Mücadelenin Olağanüstü
Dayanıklılığı
Mücadele aylardır devam ediyor ve protestocular zerre kadar geri adım atmadılar: polisle savaştılar, kuşatmayla savaştılar ve orduyla savaştılar. Başlangıçta tamamen barışçıl olduğunu ilan eden protestocular, hükümetin şiddetle bastırma girişimlerine karşı inanılmaz bir direnç göstererek askerlere, polise saldırdı ve hatta cumhurbaşkanının evine girmeye çalıştı.
Hükümetin lümpenproletarya üyelerini "hükümet yanlısı protestocular" olarak alaycı bir şekilde kullanarak protestoculara şiddetle saldıran bir güruh oluşturduğu 9 Mayıs’taki sert bir baskının ardından, güruh işçiler, köylüler ve küçük burjuvazi tarafından püskürtüldü.
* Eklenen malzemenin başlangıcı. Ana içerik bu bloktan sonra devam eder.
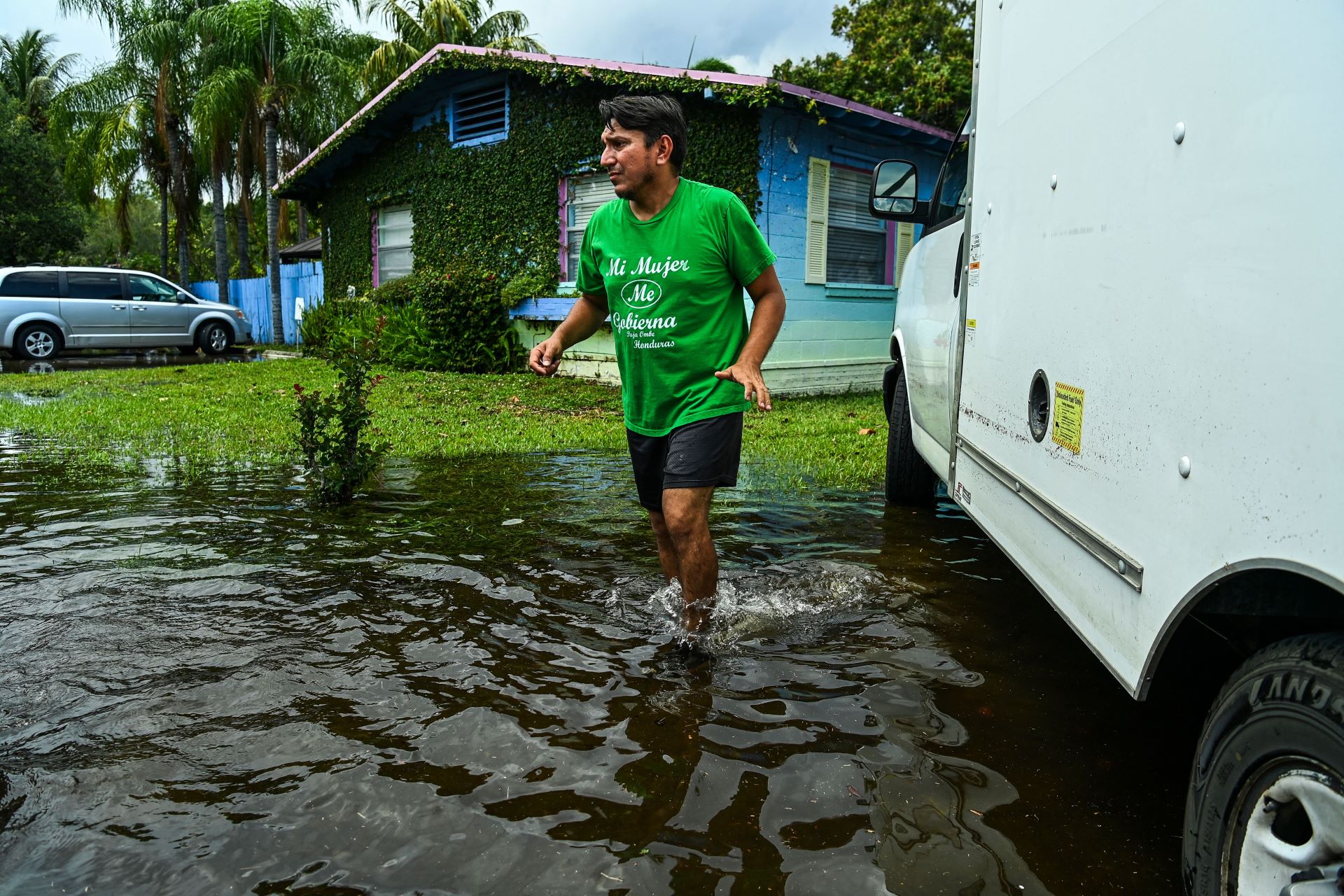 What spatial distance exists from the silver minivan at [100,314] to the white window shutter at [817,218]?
1295cm

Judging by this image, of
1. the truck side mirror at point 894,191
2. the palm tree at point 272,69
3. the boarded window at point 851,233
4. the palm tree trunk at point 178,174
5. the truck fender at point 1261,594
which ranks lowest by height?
the truck fender at point 1261,594

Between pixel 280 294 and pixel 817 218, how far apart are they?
1542 centimetres

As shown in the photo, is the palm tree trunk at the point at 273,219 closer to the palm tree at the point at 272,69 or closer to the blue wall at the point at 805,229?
the palm tree at the point at 272,69

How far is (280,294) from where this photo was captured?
23.2m

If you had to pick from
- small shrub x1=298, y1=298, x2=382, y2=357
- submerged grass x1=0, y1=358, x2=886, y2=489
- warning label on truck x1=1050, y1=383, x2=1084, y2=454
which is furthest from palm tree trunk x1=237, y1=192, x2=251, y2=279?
warning label on truck x1=1050, y1=383, x2=1084, y2=454

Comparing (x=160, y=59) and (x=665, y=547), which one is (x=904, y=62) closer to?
(x=160, y=59)

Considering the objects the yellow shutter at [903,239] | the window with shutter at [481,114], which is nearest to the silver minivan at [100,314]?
the window with shutter at [481,114]

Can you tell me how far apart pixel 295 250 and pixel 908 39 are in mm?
19088

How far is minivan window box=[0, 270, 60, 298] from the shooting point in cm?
1717

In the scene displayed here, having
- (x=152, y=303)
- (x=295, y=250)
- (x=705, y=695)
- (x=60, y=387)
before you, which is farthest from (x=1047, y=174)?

Hareket daha sonra geri adım atmadı ve devam etti. Artık gelecekte bu tür pasifist yanılsamaların kazanmak için yeterli olmayacağını fark etmiş olabilir.
Nihayetinde kesin olan şey, şu anda hareketin hala orta sınıflar tarafından kontrol edildiği, işçilerin çoğunlukla pasif olduğu ve rejimin sendikalarını takip ettiği ve bu nedenle, işçiler hareketin liderliğini üstlenmedikçe, Kazakistan’daki ayaklanmayla aynı yüksekliklere ulaşamayacağıdır.
Bununla birlikte, daha önce de belirtildiği gibi, protestocular arasında kayda değer bir partizan olmama durumu söz konusudur; protestocuların birçoğu burjuva partilerinden hiçbirine üye değildir, tüm "muhalefet" partileri hareketi kendi amaçları doğrultusunda kontrol etmekte başarısız olmuş ve liderlik böylece ademi merkeziyetçi ve bağımsız kalmıştır. Her halükarda tüm burjuva partilerinin reddedilmesi, gelecekteki gelişmeler için iyiye işaret eden olumlu bir etmendir.
Sri Lanka işçi sınıfının kendi sınıf mücadelesi organlarını oluşturması gerektiği açıktır, böylece bu tür bir krize yakalandığında ve "barışçıl" zamanlarda kapitalizmin genel kemik kırıcı eziyetinin yanı sıra, kendini savunabilir ve durum kendini sunduğunda devrimci saldırıya geçebilir. Ekonomik mücadeleler için bağımsız militan sendikalar kurmalı ve siyasi hareketler için proletaryanın devrimci partisi, Enternasyonal Komünist Partisi içinde militanlaşmalıdır. Ciddi bir ekonomik sorunun çözümünün yalnızca siyasi olabileceği bir durum ile karşı karşıyayız: çözüm için tek seçenek burjuvazinin devrilmesi.